Business coaches are a lot like personal trainers. People turn to them when they need help reaching their goals.
Hard work means a lot in business, and it can get business owners pretty close to where they want to be. Most often, it's the final small step toward success that is the hardest. A coach can help you get there.
Compare this logic to your health and fitness goals. Yeah, you're cutting the fats and carbohydrates from your diet and you're hitting the gym three times a week, but you can't seem to lose those last five pounds.
A personal trainer will work with you to make sure you maximize your gym time and perfect your diet. Success. You reach your ultimate fitness goal.
Just like gym visits, business-coaching sessions aren't always easy and they can be a little painful. And just like a personal trainer, a business coach can only help your business if you're ready for change and willing to admit fault.
The coach's job is to show you the mirror. People often know when something isn't right, but they choose to look past it. A business coach can help you identify your problem and push you to succeed because they bring a professional, outside perspective, honest feedback and tested strategy to move you to the next level of success.

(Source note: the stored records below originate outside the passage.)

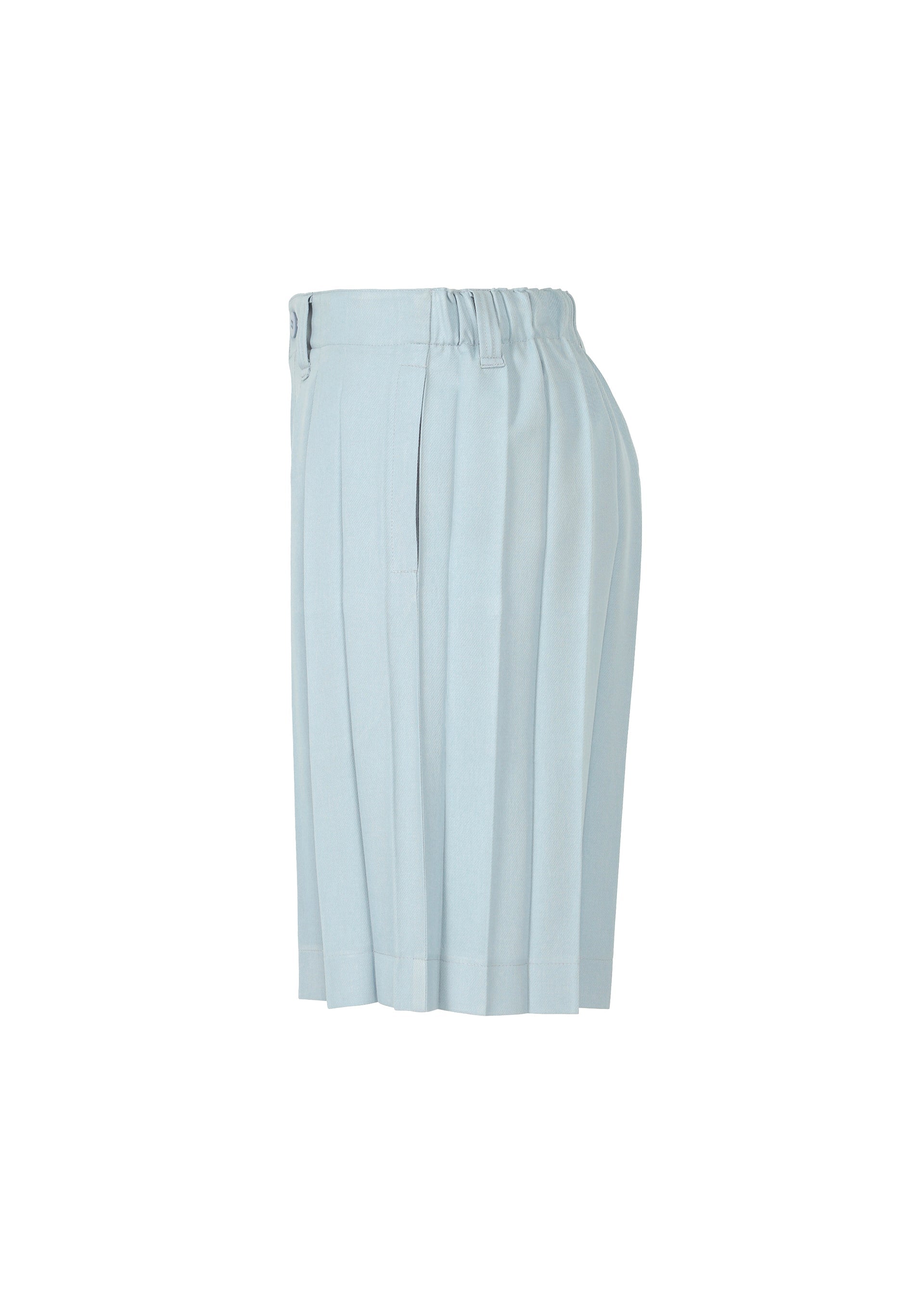 A detail shot of the HOMME PLISSÉ ISSEY MIYAKE EDGE ENSEMBLE trousers.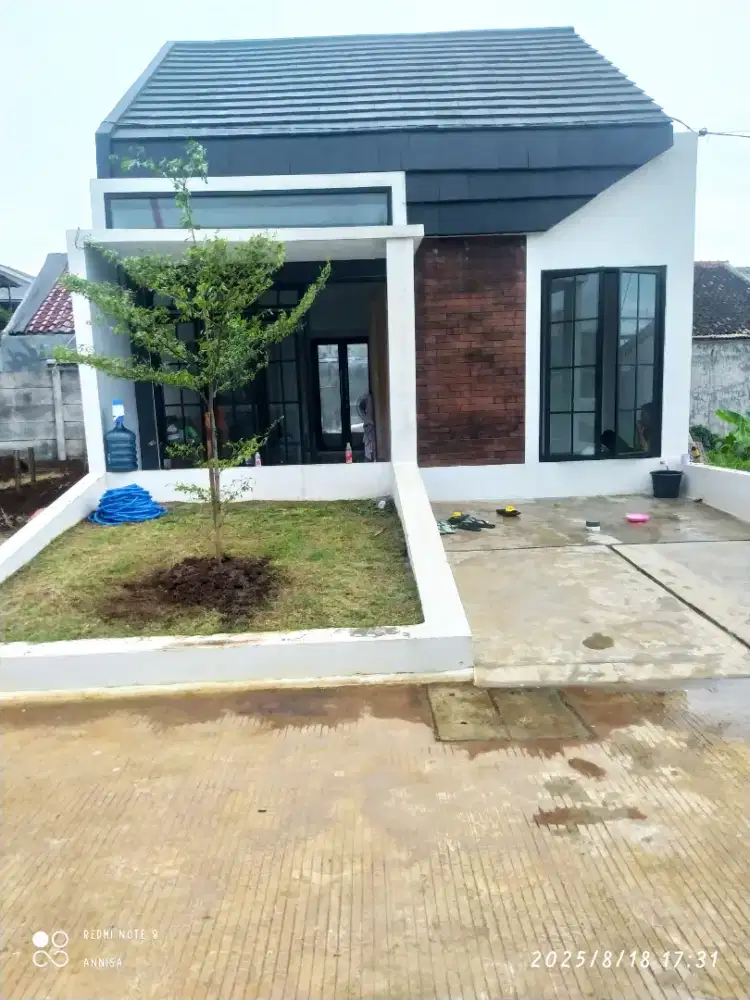 Perumahan baru masuk 2 mobil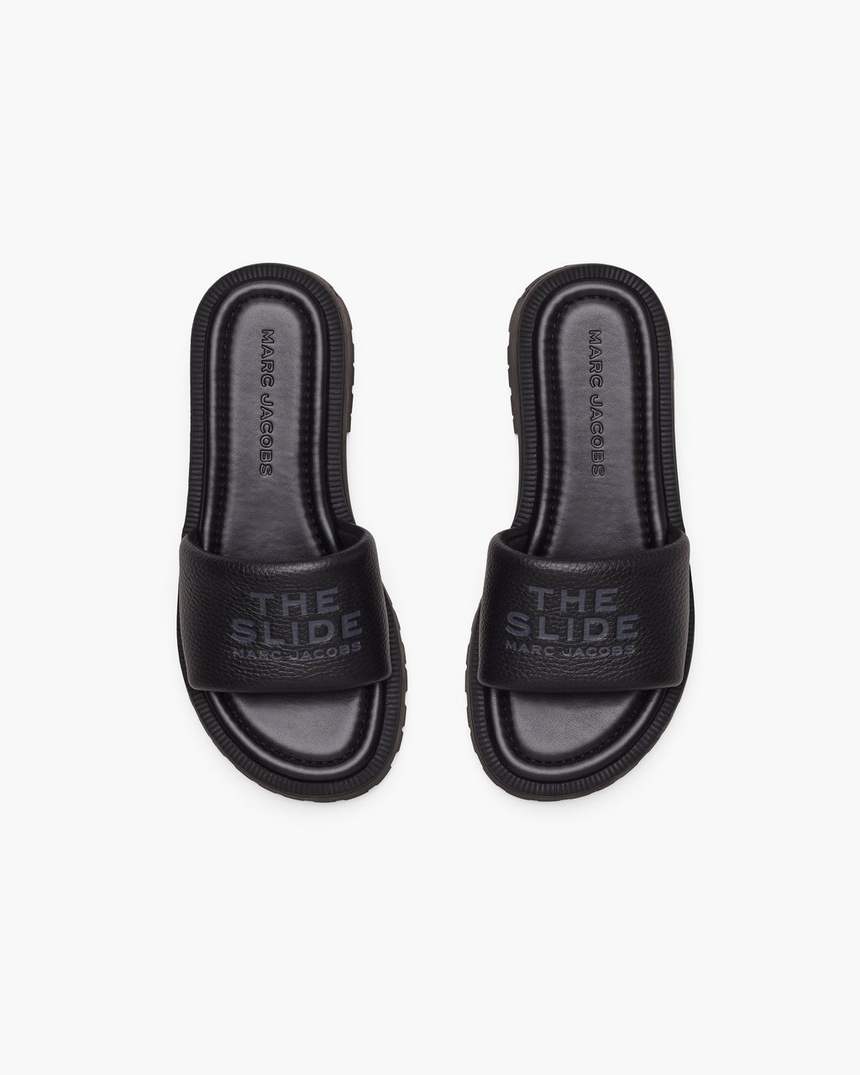 o chinelo com sola tratorada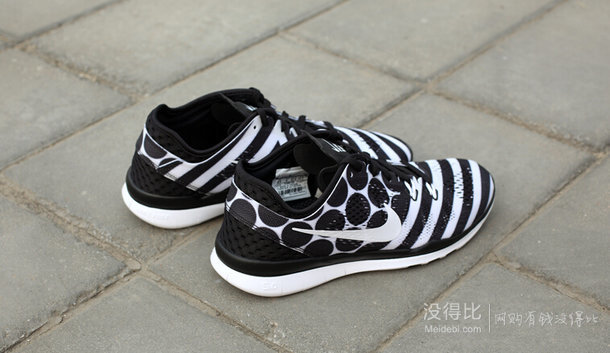 NIKE耐克 新款女子WMNS NKE FREE 5.0 TR FIT 5 PRT全能鞋704695-008  349元包邮（可用40元礼品卡）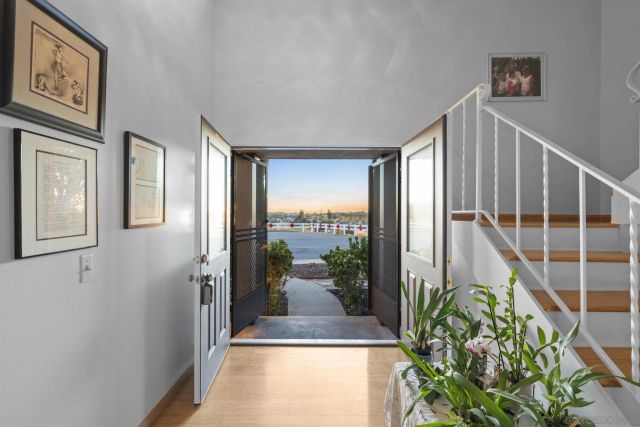 1682 Saddlehorn Dr, San Marcos, CA 92069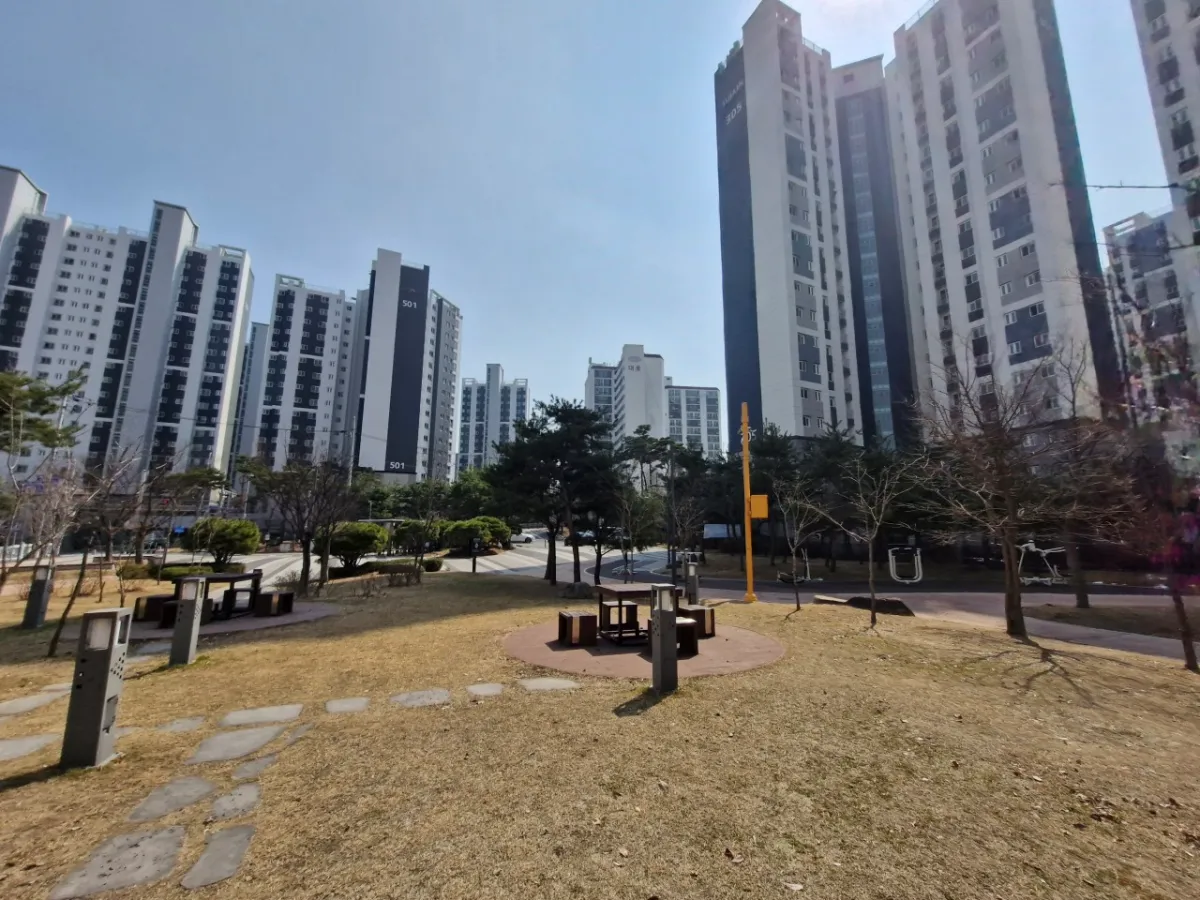 공원에서-바라보고-있는-신축아파트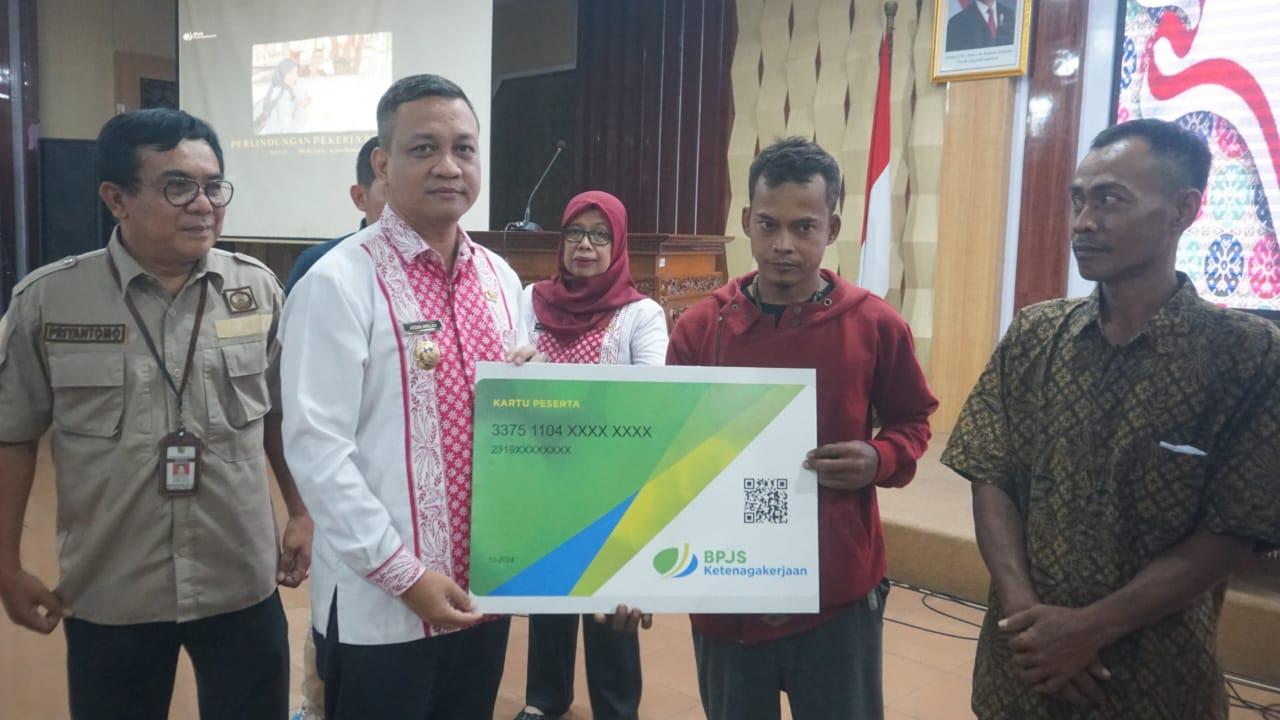 Program Batik Berlian Santuni Ahli Waris 3 Pekerja Rentan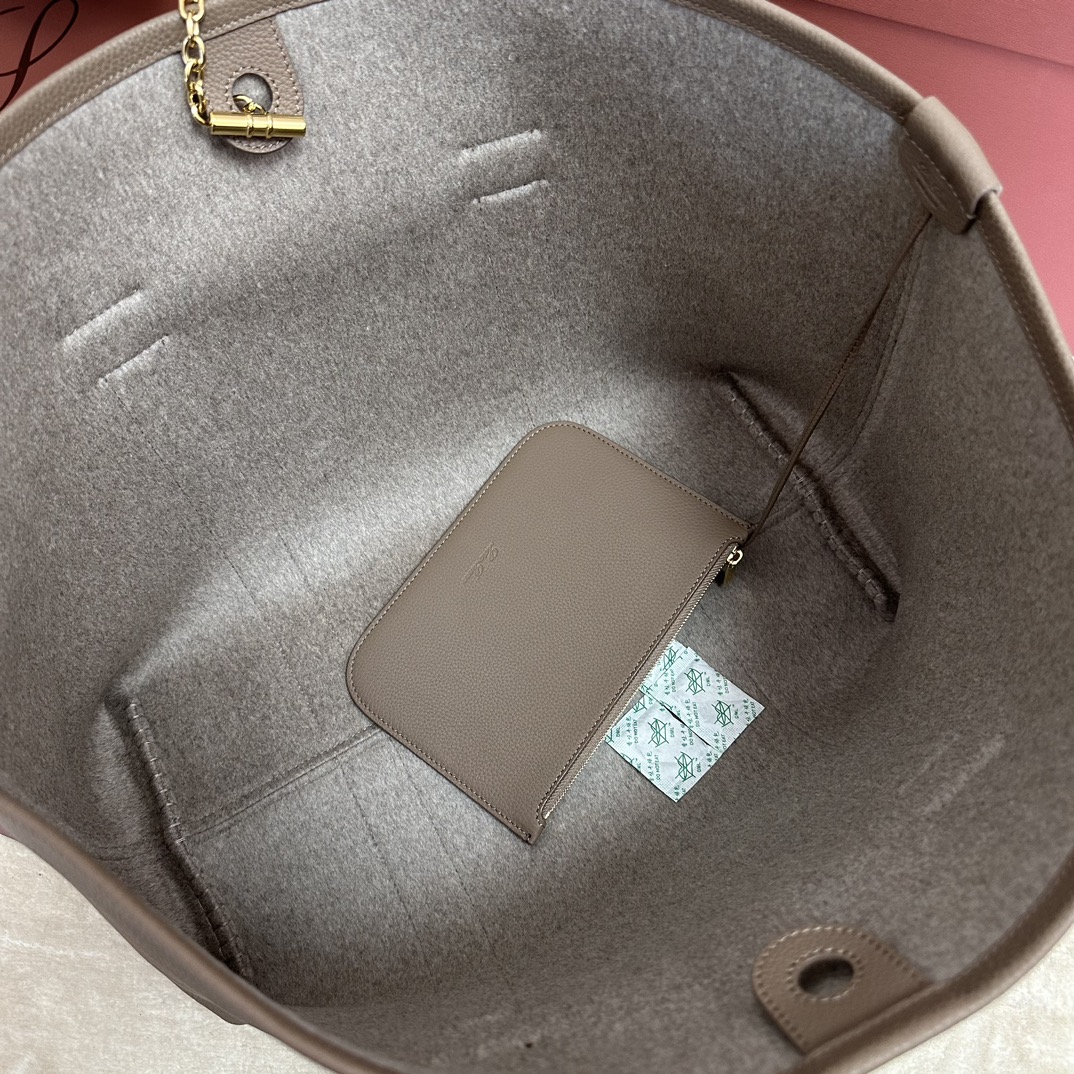 Loro Piana Ghiera leather-buckle Shopper Bag | Brown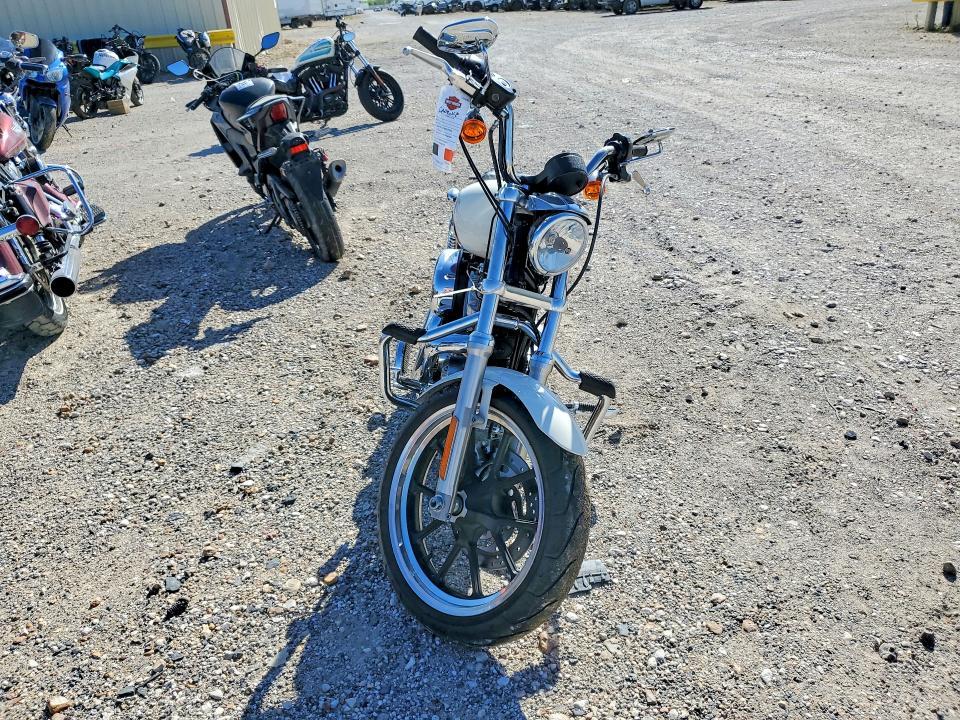 2013 Harley-Davidson XL883 Superlow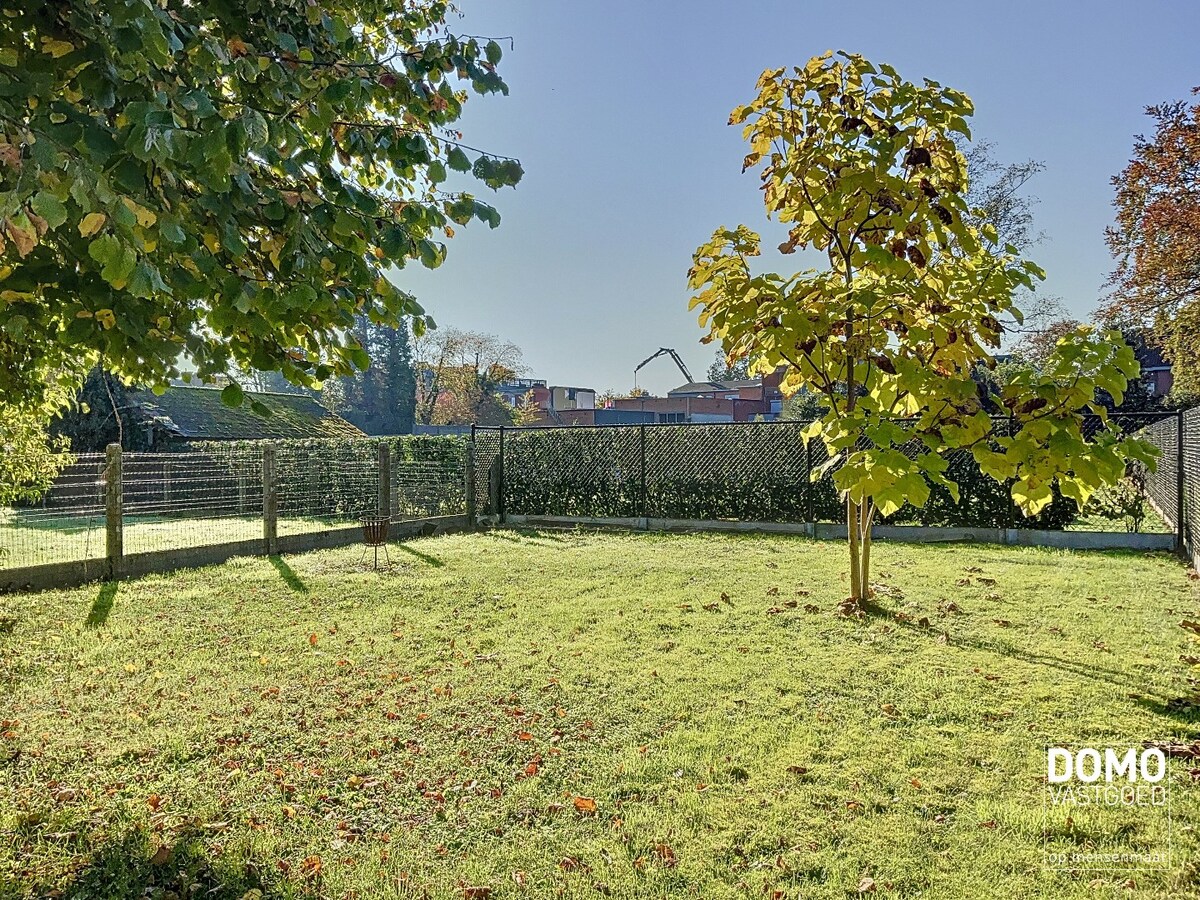 Ruime, energetisch gerenoveerde woning met open leefruimte, 4 slaapkamers en 2 badkamers te Kermt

Before hiring a business coach, there are five important questions to ask:
- Can this coach do what he says he can do?— Talk with the business coach about his or her abilities, and then ask to talk with his or her clients. Their feedback will give you a greater sense of the coach's abilities.
- Will this coach actually do what he says he will do?— Research the coach's prior clients and look for a track record of success.
- Is this person someone I want to work with?— Plan an in-person meeting with your prospective coach to make sure you jive. If you hire him or her, you'll have to work together through challenging discussions and situations to build your team and your business.
- Does this coach serve my genre?— Find a coach who has experience in your business type. Not necessarily industry-specific, because often times lessons can carry from industry to industry, but more size-specific. Some coaches, like me, focus on entrepreneurial businesses while others work with large corporations. What works for a small $5-20 million business may not apply to a multi-billion dollar corporation.
Can I afford the time and money required for a coach?— Prepare to invest in your company's success. Some coaches charge hourly and cost $300-$500 an hour. Others charge monthly and cost between $24,000 and $60,000 a year.
The cost varies by the amount of contact you receive. Some sessions with your coach may only be an hour long while others last all day. Some coaches meet monthly and others prefer quarterly meetings. Figure out what works for you before you price it out.
Overall, look for coaches who put the client first.
In my experience that means he or she doesn't:
- Charge for your service until after the service is performed
- Require you to sign a contract
- Force you to pay what's on your invoice unless you feel the service warranted the price
Author and motivational speaker Anthony Robbins said: "If you do what you've always done, you'll get what you've always gotten."
That statement is especially true when discussing reaching business and fitness goals. A coach can help you do more than what you've already done, but you must be willing and ready to grow.
The views expressed are those of the author and do not necessarily reflect the views of the publisher.